# Knicks agree to trade for Portland's Sergio Rodriguez?



## knicksfan (Jan 4, 2003)

http://www.realgm.com/src_wiretap_a...ll_trade_rodriguez_to_knicks_on_draft_night/#

I seriously hope our draft pick isn't involved, but I have a sick feeling in the pit of my stomach as it's been widely reported Portland is looking to move (way) up in this draft. I like Sergio, but not for this pick.


----------



## HB (May 1, 2004)

Interesting move. No Rubio or Curry it seems.


----------



## knicksfan (Jan 4, 2003)

Like I said, I have a sick feeling in my stomach that our draft pick is involved.


----------



## Damian Necronamous (Jun 10, 2002)

There's no way that this involves your draft pick. 

The Blazers have no use for Rodriguez and want to shed the last year of his salary off their books. He's perfect for the Knicks because he's only signed for one more year. If he impresses, they have his Bird Rights and can re-sign him next season.

Do the Knicks have a trade exception? If they do, they're probably using that in this trade, and they likely only send back a second round pick.


----------



## urwhatueati8god (May 27, 2003)

Damian Necronamous said:


> There's no way that this involves your draft pick.
> 
> The Blazers have no use for Rodriguez and want to shed the last year of his salary off their books. He's perfect for the Knicks because he's only signed for one more year. If he impresses, they have his Bird Rights and can re-sign him next season.
> 
> Do the Knicks have a trade exception? If they do, they're probably using that in this trade, and they likely only send back a second round pick.


The Knicks don't have a second round pick but they do have four different trade exceptions that could be used to acquire him for his salary.


----------



## HB (May 1, 2004)

So who else do the Knicks covet in the draft? I smell a trade


----------



## Gotham2krazy (Nov 22, 2005)

Quite frankly, I like Sergio's game. He's shown that he can do a lot even with his given minutes, this is not a bad move.


----------



## urwhatueati8god (May 27, 2003)

If it involves the first round pick it is.


----------



## knickstorm (Jun 22, 2003)

say goodbye to our future 1st round pick.......yea great move, after we bring him in, they can draft stephen curry to try to build the ultimate euro league team.


----------



## alphaorange (Jul 2, 2006)

*They aren't giving a first for him*

He just isn't worth that kind of investment at this point.
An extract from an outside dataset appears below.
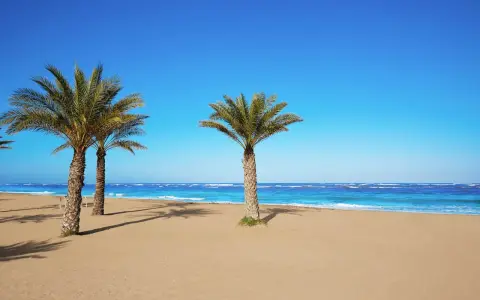 Palmen säumen den Sandstrand von Denia an der Costa Blanca. Das türkisfarbene Meer lädt zum Träumen ein.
More likely a 2nd and some odds and ends.


----------



## Gotham2krazy (Nov 22, 2005)

There's no way we give a first rounder for Sergio, he's not that important. Can we trade for cash straight up? How about an IOU, do those work?


----------



## vinsanity77 (May 1, 2006)

Sergio is definitely an underrated player who I would love to have on my team. If the Knicks get him, he will succeed and show his potential while playing under D'antoni's system.


----------



## urwhatueati8god (May 27, 2003)

Gotham2krazy said:


> There's no way we give a first rounder for Sergio, he's not that important. Can we trade for cash straight up? How about an IOU, do those work?


They can straight up trade one of their four trade exceptions to get him.


----------



## bball2223 (Jul 21, 2006)

Sergio would be a good pick-up for us especially moving into the future. As long as we won't be shipping away our 1st round pick this year I'm all for it.


----------